Facilitating small group spaces
Great, you’ve followed the 1/5/0 Rule.
You’ve engineered ways for your members to light their own little campfires.
Now…how to facilitate them?
Constructing the space
If you’re meeting live, take a look around the space. How are the chairs set up? Are there places for people to be in small groups without feeling like they’re turning their backs on everyone?
If you’re online, what containers can you give your members?
Think about the ideas above:
- Giving permission to make private conversations (Study Groups)
- Creating topical channels
- Making breakout room experiences in every live discussion
You have the power to engineer amazing spaces for your members.
Rituals are so important.
They help us transition from one headspace to another, whether that’s how we wake up every morning to how we notice we’re in a different space.
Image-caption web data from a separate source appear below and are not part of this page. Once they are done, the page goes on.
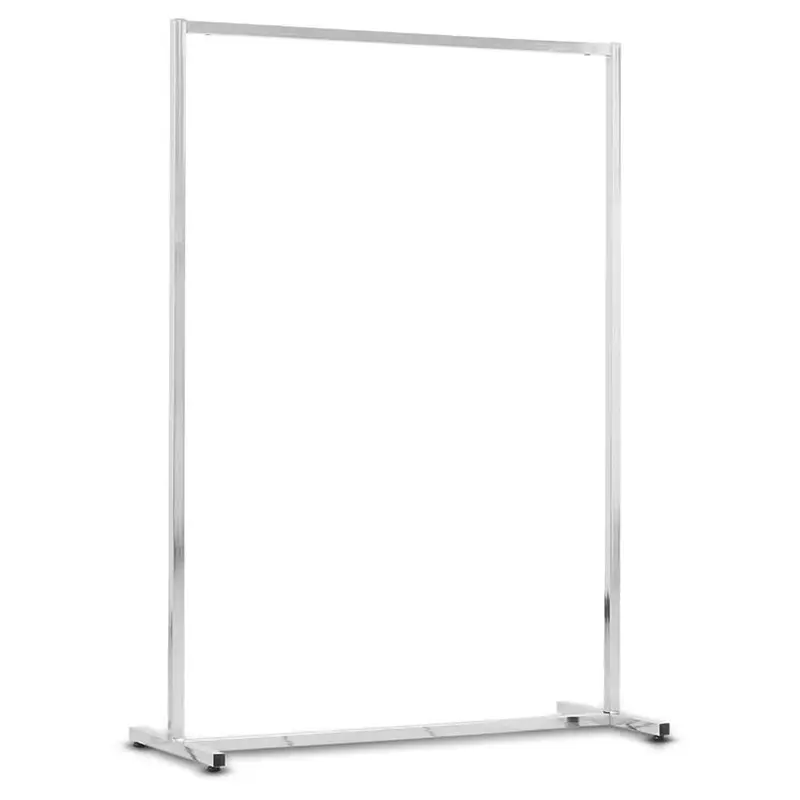 Portant vêtements tube carré chromé 60 ou 100cm
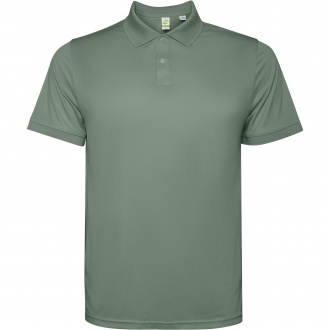 TORMO - Short sleeve technical polo shirt with snap buttons. Recycled polyester, 125 gsm.
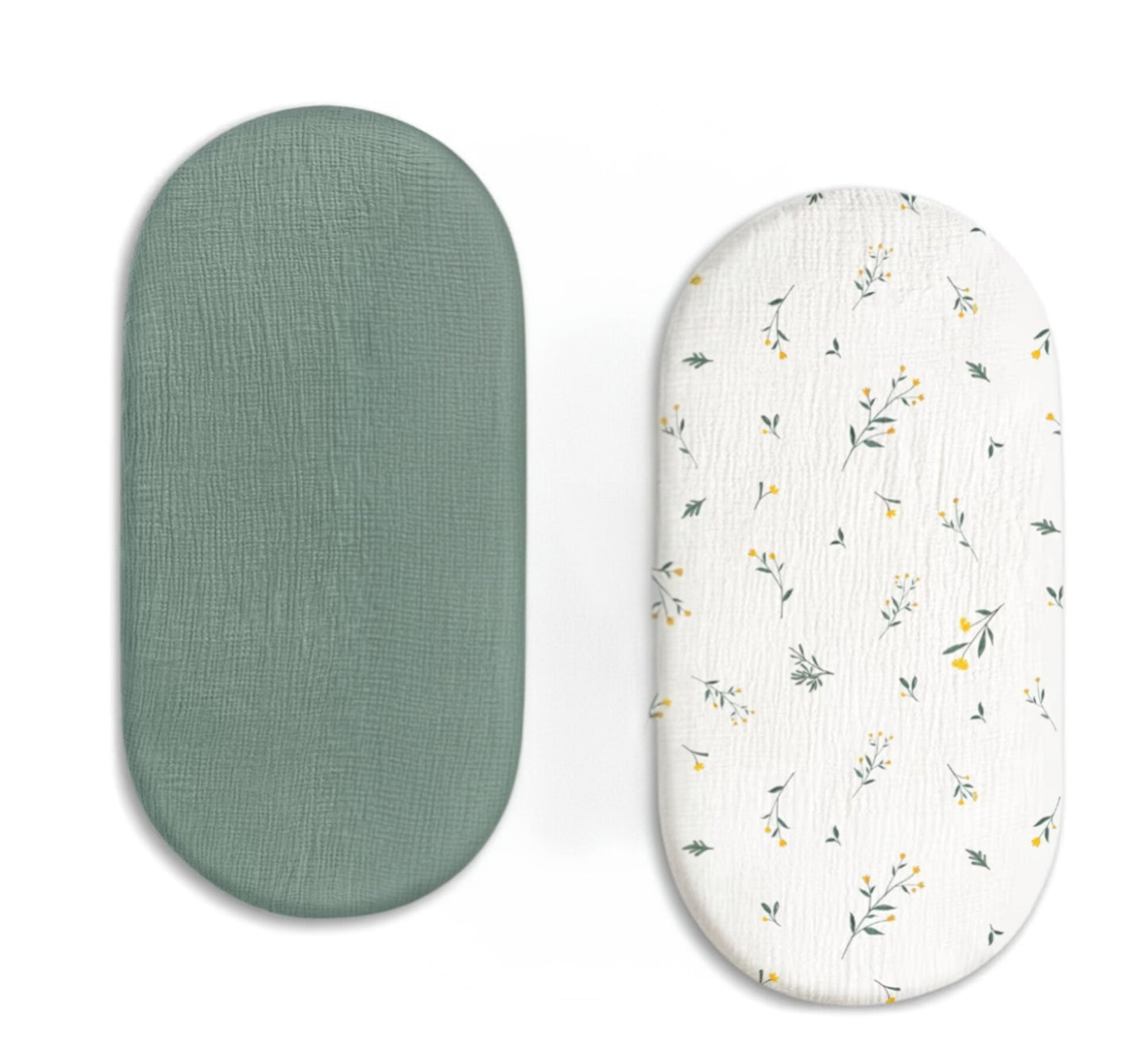 Gllquen Baby- Sábanas de Moisés de Algodón de Muselina, Paquete de 2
If you want to have breakout sessions in each live discussion, create a ritual in how you set them up.
- Remind them of the rules.
- Remind them how long they have inside the rooms.
- Remind them of the question you want to ask.
Figure out your own ritual or routine to help your members settle into their small group experiences easier.
As the community lead facilitator, you can’t be everywhere all at once.
When you’re engineering opportunities for campfire experiences, be really open and acknowledge you can’t moderate those spaces.
This is when you start trusting your members to take care of each other while also giving them the tools they need to report when something does go wrong.
Not being in a space doesn’t mean you don’t have responsibility for what happens inside of it.
It simply means you have a different role to play.
-Trail End –
Trail Reflection Questions:
🥾Where could small groups exist in your community?
🥾What type of small group experience makes the most sense for your members?